Alzheimer’s disease (AD), the most common neurodegenerative disorder, is characterized by neurofibrillary tangles, synaptic impairments, and loss of neurons. Oligomers of β-amyloid (Aβ) are widely accepted as the main neurotoxins to induce oxidative stress and neuronal loss in AD. In this study, we discovered that fucoxanthin, a marine carotenoid with antioxidative stress properties, concentration dependently prevented Aβ oligomer-induced increase of neuronal apoptosis and intracellular reactive oxygen species in SH-SY5Y cells. Aβ oligomers inhibited the prosurvival phosphoinositide 3-kinase (PI3K)/Akt cascade and activated the proapoptotic extracellular signal-regulated kinase (ERK) pathway.

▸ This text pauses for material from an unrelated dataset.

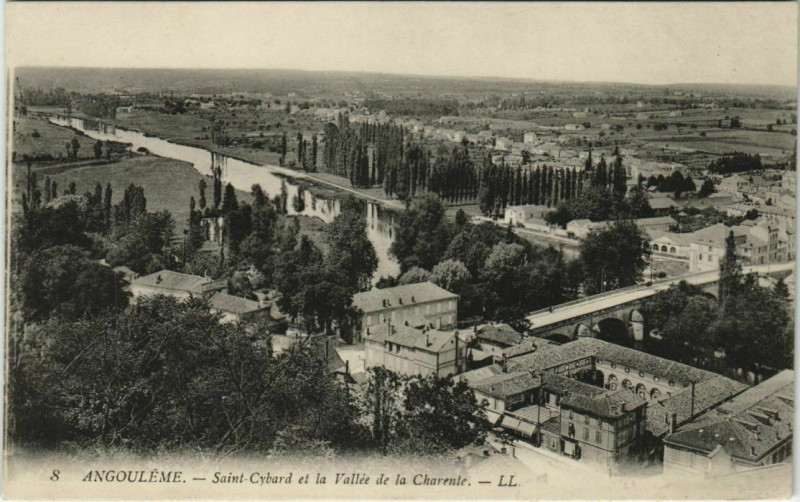 Carte postale ancienne Angouleme- Saint Cybard,Vallee de la Charente France à Angoulême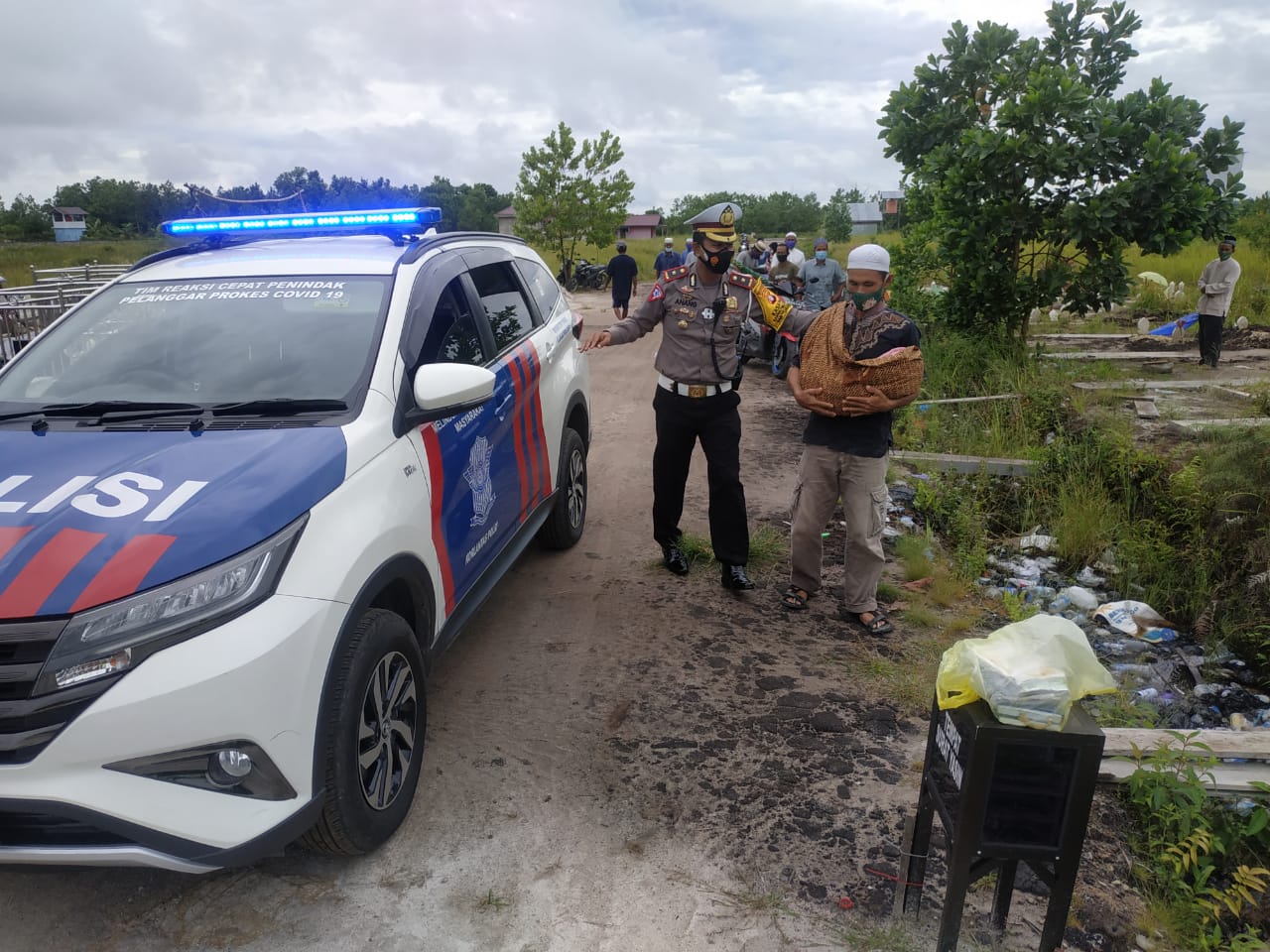 Satlantas Polresta Palangka Raya Bantu Pemakaman Warga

Moreover, inhibitors of glycogen synthase kinase 3β (GSK3β) and mitogen-activated protein kinase (MEK) synergistically prevented Aβ oligomer-induced neuronal death, suggesting that the PI3K/Akt and ERK pathways might be involved in Aβ oligomer-induced neurotoxicity. Pretreatment with fucoxanthin significantly prevented Aβ oligomer-induced alteration of the PI3K/Akt and ERK pathways. Furthermore, LY294002 and wortmannin, two PI3K inhibitors, abolished the neuroprotective effects of fucoxanthin against Aβ oligomer-induced neurotoxicity. These results suggested that fucoxanthin might prevent Aβ oligomer-induced neuronal loss and oxidative stress via the activation of the PI3K/Akt cascade as well as inhibition of the ERK pathway, indicating that further studies of fucoxanthin and related compounds might lead to a useful treatment of AD.